Langweilen verboten!

„Die Pause ist an klassischen Vortragsveranstaltungen oft das Beste, hören wir daher von Managern immer wieder. Denn dann endlich kommen sie miteinander ins Gespräch“, schildert Günther Grassmann den Frust vieler Führungskräfte. Er ist Senior Partner der Organisationsberatung Initio, die für Unternehmen alternative Veranstaltungskonzepte realisiert. Grassmanns Erfolgsformel lautet dementsprechend: „Wir machen die Pause zum Hauptformat.“

Heißt konkret, dass der erfahrene Moderator und seine Kollegen mit besonders kommunikativen Ideen wie der Kleingruppenarbeit im „World-Café“ oder der „Fish Bowel“-Diskussion dafür sorgt, dass Teilnehmer nicht nur Smalltalk machen, sondern so miteinander reden, dass Konkretes herauskommt. Dauerbrenner unter den von Profis moderierten Themen sind „Veränderung“ und „Innovation“ oder auch die Frage, wie sich Geschäftsprozesse optimieren lassen. Doch egal, wie sperrig sich ein Thema anhören mag, die oberste Maxime lautet: Langweilen verboten!

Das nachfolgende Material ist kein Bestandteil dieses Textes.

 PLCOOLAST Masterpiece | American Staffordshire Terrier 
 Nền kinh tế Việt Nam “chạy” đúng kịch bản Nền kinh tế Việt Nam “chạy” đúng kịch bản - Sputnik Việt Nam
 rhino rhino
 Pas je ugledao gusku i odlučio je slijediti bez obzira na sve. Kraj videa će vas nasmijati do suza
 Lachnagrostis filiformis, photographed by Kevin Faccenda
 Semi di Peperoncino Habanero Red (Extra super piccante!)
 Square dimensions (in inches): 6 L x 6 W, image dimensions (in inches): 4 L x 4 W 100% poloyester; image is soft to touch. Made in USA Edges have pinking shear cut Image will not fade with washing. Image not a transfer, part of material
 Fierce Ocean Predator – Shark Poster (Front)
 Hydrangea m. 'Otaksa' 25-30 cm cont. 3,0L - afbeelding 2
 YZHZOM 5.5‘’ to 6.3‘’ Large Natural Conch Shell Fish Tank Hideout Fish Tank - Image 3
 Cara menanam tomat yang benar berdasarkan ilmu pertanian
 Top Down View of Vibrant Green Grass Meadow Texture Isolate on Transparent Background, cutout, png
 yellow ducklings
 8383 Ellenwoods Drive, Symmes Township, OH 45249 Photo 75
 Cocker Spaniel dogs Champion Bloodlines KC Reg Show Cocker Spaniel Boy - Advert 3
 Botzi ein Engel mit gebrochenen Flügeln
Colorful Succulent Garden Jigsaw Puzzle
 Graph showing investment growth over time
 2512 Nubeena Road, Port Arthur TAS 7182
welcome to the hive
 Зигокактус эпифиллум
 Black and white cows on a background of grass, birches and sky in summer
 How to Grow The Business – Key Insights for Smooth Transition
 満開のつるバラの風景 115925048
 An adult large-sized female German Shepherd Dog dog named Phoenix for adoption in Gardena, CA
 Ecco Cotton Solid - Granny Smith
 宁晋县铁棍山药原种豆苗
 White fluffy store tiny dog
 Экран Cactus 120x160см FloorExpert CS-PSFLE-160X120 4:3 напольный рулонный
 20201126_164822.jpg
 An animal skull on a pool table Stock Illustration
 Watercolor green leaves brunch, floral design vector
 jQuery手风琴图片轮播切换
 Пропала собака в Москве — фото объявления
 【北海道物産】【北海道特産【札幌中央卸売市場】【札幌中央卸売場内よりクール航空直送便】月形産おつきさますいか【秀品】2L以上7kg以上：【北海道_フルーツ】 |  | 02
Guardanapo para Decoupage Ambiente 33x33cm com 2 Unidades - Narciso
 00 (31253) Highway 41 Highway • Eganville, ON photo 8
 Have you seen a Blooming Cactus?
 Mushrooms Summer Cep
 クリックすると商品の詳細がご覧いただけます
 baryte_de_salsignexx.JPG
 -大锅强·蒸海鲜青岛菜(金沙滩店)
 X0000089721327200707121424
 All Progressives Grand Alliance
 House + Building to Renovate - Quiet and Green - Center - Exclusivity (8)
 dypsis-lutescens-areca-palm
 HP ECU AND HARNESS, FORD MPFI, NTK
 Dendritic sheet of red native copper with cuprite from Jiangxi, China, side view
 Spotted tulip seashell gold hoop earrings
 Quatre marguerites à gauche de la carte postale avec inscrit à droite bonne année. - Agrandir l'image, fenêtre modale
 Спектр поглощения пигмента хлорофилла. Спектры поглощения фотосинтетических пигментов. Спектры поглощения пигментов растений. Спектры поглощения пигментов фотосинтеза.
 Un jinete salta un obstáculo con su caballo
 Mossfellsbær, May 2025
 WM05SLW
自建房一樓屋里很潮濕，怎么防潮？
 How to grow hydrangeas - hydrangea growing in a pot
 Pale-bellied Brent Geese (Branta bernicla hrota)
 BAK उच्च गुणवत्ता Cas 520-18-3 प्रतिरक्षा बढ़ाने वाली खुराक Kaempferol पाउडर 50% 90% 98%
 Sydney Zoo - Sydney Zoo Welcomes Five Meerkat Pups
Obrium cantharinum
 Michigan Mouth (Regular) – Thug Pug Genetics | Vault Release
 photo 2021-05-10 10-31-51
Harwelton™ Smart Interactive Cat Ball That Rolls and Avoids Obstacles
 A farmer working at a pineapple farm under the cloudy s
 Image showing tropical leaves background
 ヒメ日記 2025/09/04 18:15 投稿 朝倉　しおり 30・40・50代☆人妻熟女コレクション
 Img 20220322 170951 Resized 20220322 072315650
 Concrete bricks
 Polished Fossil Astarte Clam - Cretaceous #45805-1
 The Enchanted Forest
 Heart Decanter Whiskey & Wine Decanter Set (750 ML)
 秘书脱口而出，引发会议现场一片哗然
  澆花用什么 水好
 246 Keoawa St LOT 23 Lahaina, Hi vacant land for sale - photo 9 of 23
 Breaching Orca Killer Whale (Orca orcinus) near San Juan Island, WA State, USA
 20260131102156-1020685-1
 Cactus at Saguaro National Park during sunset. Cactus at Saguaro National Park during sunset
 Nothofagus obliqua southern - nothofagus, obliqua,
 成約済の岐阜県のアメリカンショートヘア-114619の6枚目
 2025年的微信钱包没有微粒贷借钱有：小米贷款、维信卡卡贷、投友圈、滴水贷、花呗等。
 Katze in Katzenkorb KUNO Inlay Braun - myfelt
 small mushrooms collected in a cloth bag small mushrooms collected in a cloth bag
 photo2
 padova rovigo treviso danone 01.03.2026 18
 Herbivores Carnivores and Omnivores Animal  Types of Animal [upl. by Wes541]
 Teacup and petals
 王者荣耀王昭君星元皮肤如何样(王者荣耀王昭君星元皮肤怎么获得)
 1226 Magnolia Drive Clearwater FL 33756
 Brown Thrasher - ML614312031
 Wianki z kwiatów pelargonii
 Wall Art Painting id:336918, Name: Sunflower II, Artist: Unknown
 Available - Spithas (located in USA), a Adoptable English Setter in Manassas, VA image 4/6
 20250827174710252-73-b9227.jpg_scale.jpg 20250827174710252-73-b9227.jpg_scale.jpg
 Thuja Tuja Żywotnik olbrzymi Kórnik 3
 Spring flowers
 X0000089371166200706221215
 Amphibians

Kollegen am Findungsprozess beteiligen

Um beim alljährlichen Strategiemeeting an die besten Ideen der 35 Spitzenmanager ihres Unternehmens zu kommen, setzte auch Maria Knill, Personalchefin bei Solarworld in Bonn, auf Abwechslung. „Es geht mir darum, mit dem Veranstaltungskonzept die Kreativität der Kollegen zu wecken und sie nicht nur über fertige Lösungen zu informieren, sondern sie am Findungsprozess zu beteiligen.“

Die Managerin kennt die Schwächen klassischer Konferenzen nur zu gut: „Die Konzentration aufrechtzuhalten, wenn die Teilnehmer mit Vorträgen berieselt werden, ist schwer. Gleichzeitig ist die Bereitschaft des Einzelnen, selbst etwas beizutragen, sehr gering.“

Im Gegensatz dazu gelang es der Führungsriege mit dem von den Initio-Moderatoren durchgeführten World-Café, gemeinsam neue Ideen zu erarbeiten: Zunächst sammelten sie in Gruppen von je fünf Teilnehmern an sieben Tischen sämtliche Ideen zum Thema. In der folgenden gezielten Fragerunde an den von den Moderationsprofis betreuten Tischen und in wechselnder Gruppenbesetzung entwickelten die Manager dann konkrete Vorschläge. Wobei die Moderatoren als „Gastgeber“ dafür sorgten, dass die Folgegruppen stets über die von den Vorgängern entworfenen und auf der „Tischdecke“ notierten Ideen im Bilde waren - und sie weiterentwickeln konnten.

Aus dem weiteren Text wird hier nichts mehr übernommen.